> WHAT THE TASK REQUIRES: Pictures must be left out. Print the lines from the beginning of the material through the line holding "Flag Quiz Screenshot 1", exactly and nothing else.

● ● ● ● ● ● ●

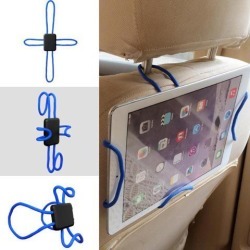 Portable Car Bike Cell Mobile Phone Holder Hanging Mount Tablet Stand Flexible - Blue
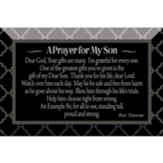 Prayer For My Son Glass Plaque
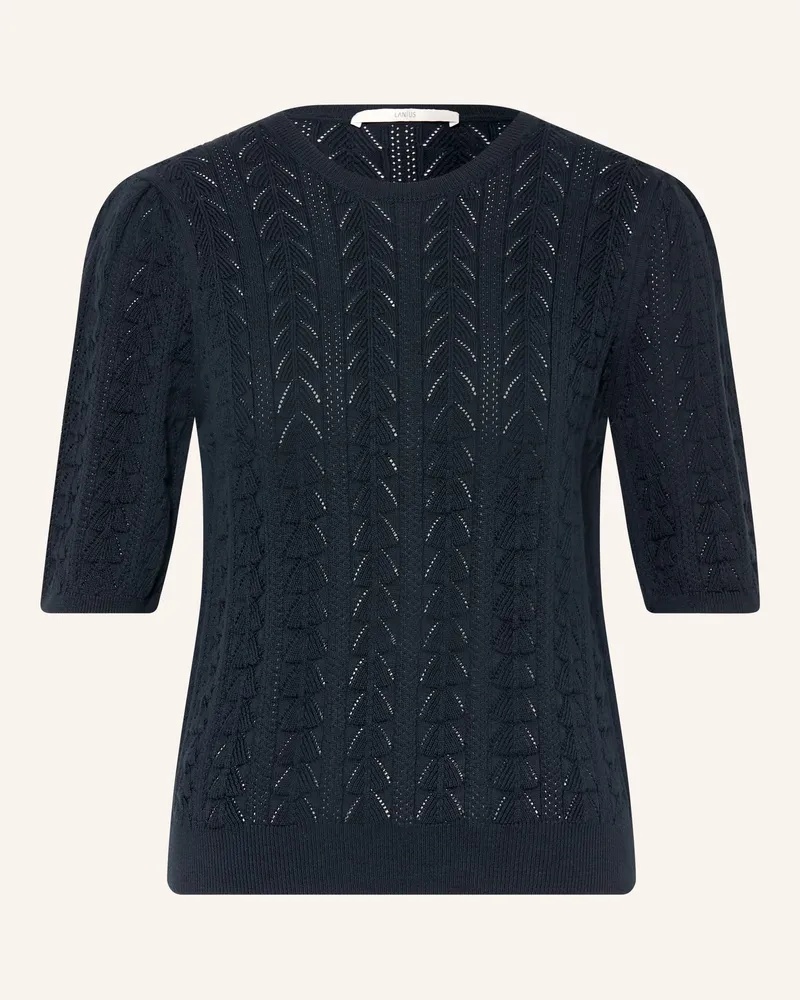 Lanius Strickshirt Dunkelblau
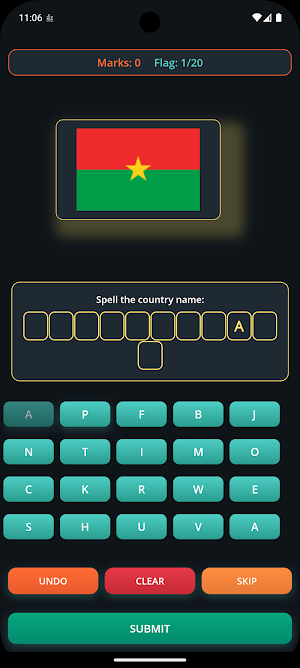 Flag Quiz Screenshot 1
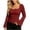 Wine, variant on Lmueinov Long Bell Sleeve Shirts for Women Square Neck Ribbed Knit Casual Tops Slim Fitted Going Out Blouse Fall Winter Trendy Layer Clothes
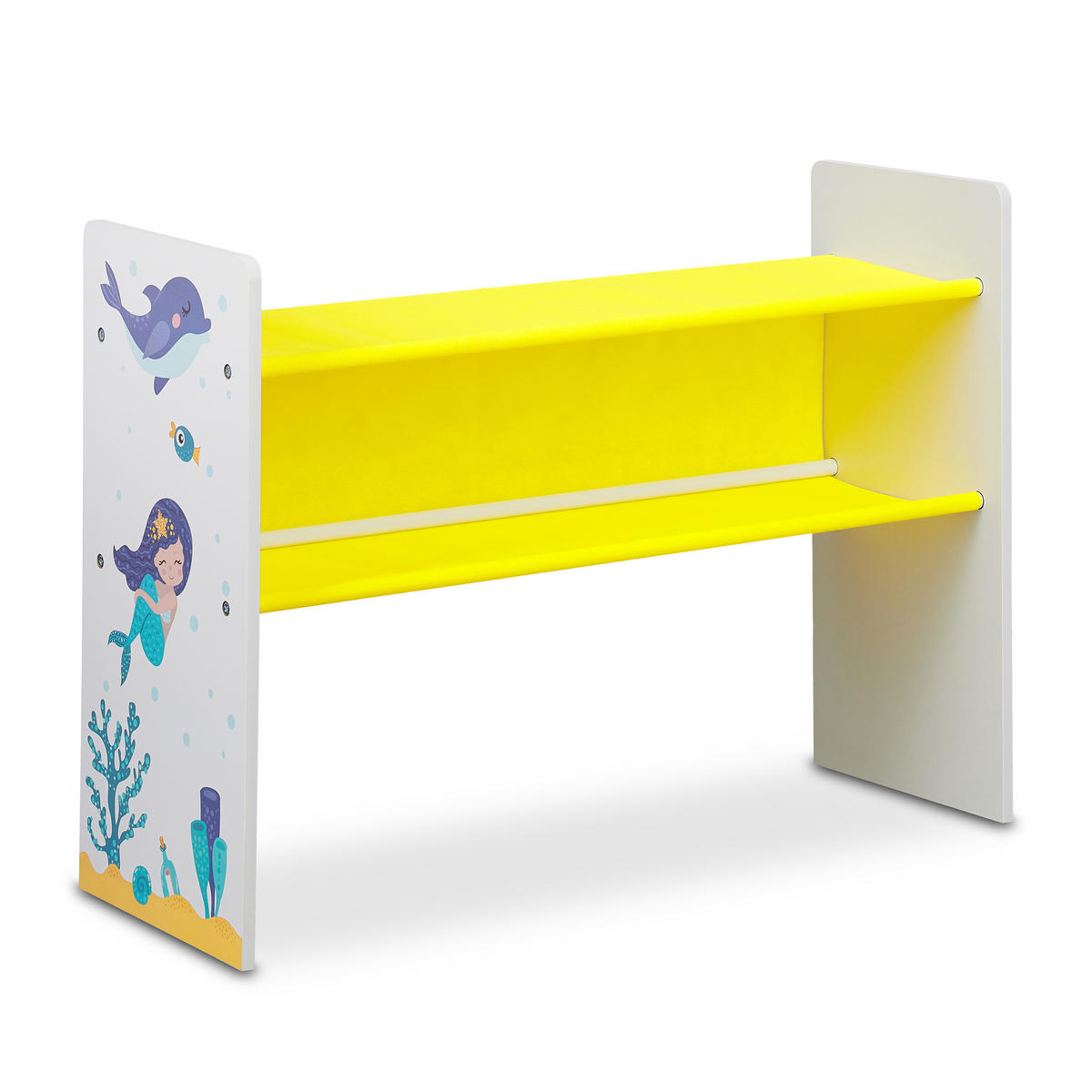 KINDERREGAL - Multicolor, Holzwerkstoff/Kunststoff (82.5/66/29.5cm) - Relaxdays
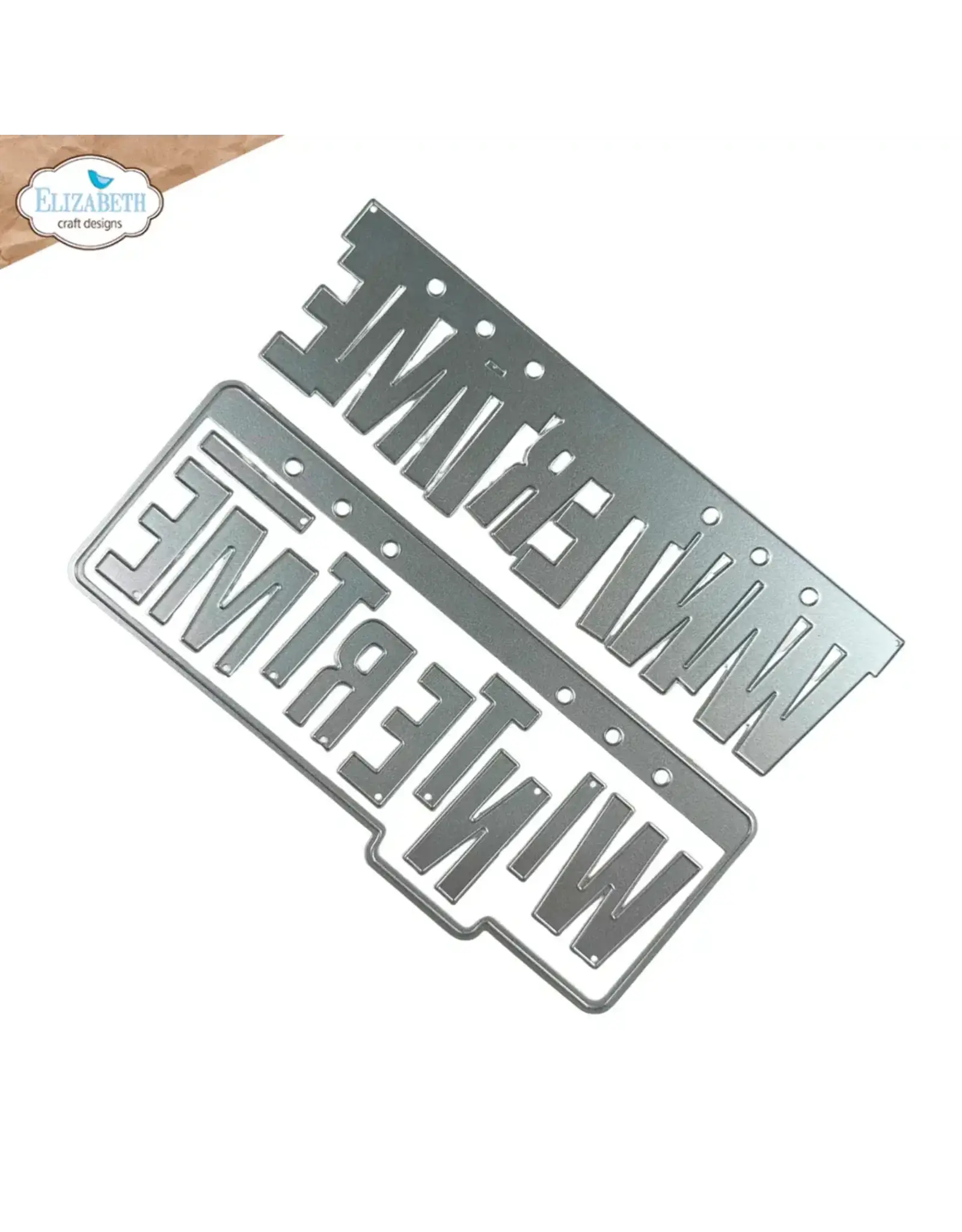 ELIZABETH CRAFT DESIGNS ELIZABETH CRAFT DESIGNS ESTHER GLAS PLANNER ESSENTIALS WINTERTIME WORDSTRIP DIE SET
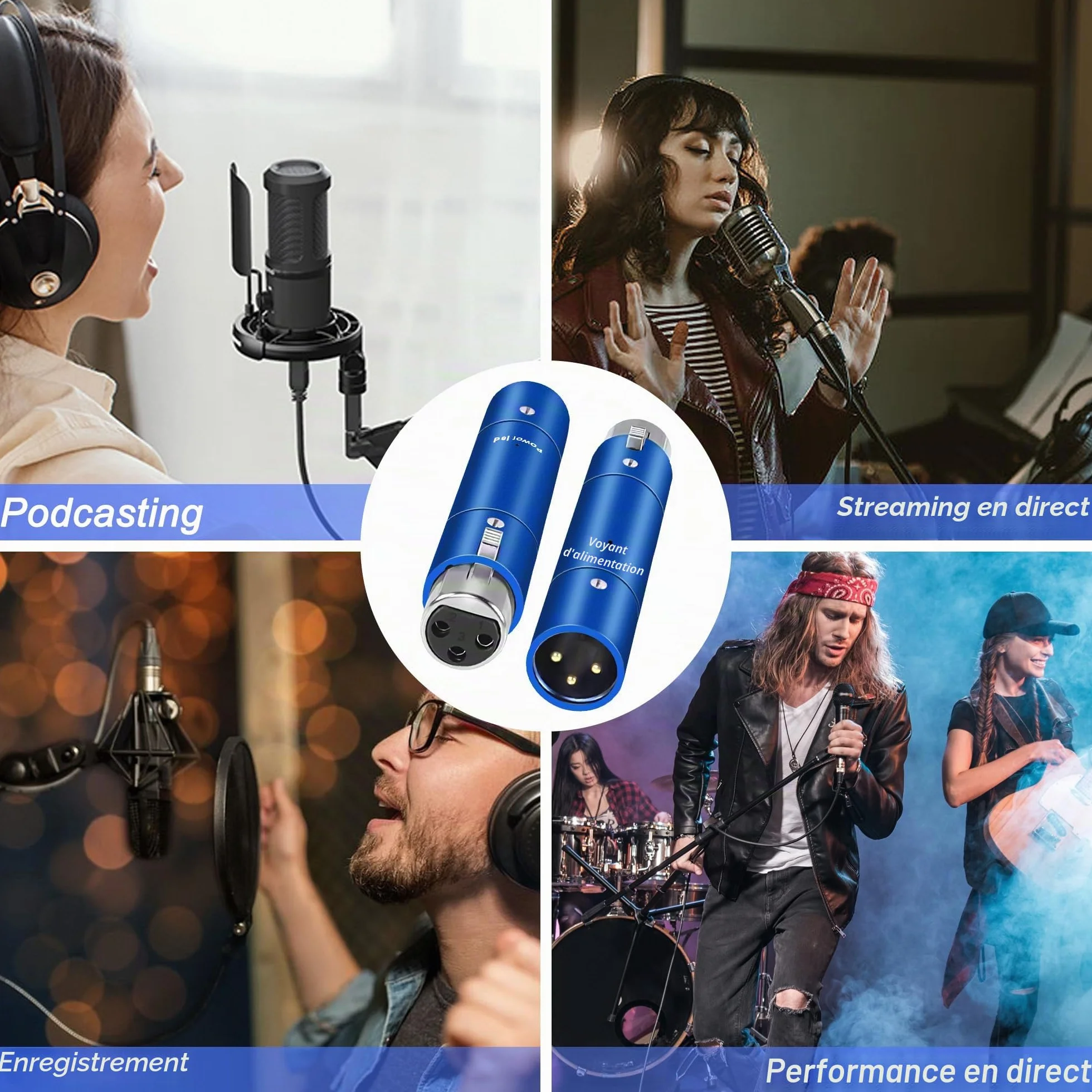 Préamplificateur de micro XLR professionnel - Gain ultra propre jusqu'à +28 dB pour microphone dynamique actif en ligne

● ● ● ● ● ● ●

> RESPONSE TO THIS EXERCISE:
 Portable Car Bike Cell Mobile Phone Holder Hanging Mount Tablet Stand Flexible - Blue
 Prayer For My Son Glass Plaque
 Lanius Strickshirt Dunkelblau
 Flag Quiz Screenshot 1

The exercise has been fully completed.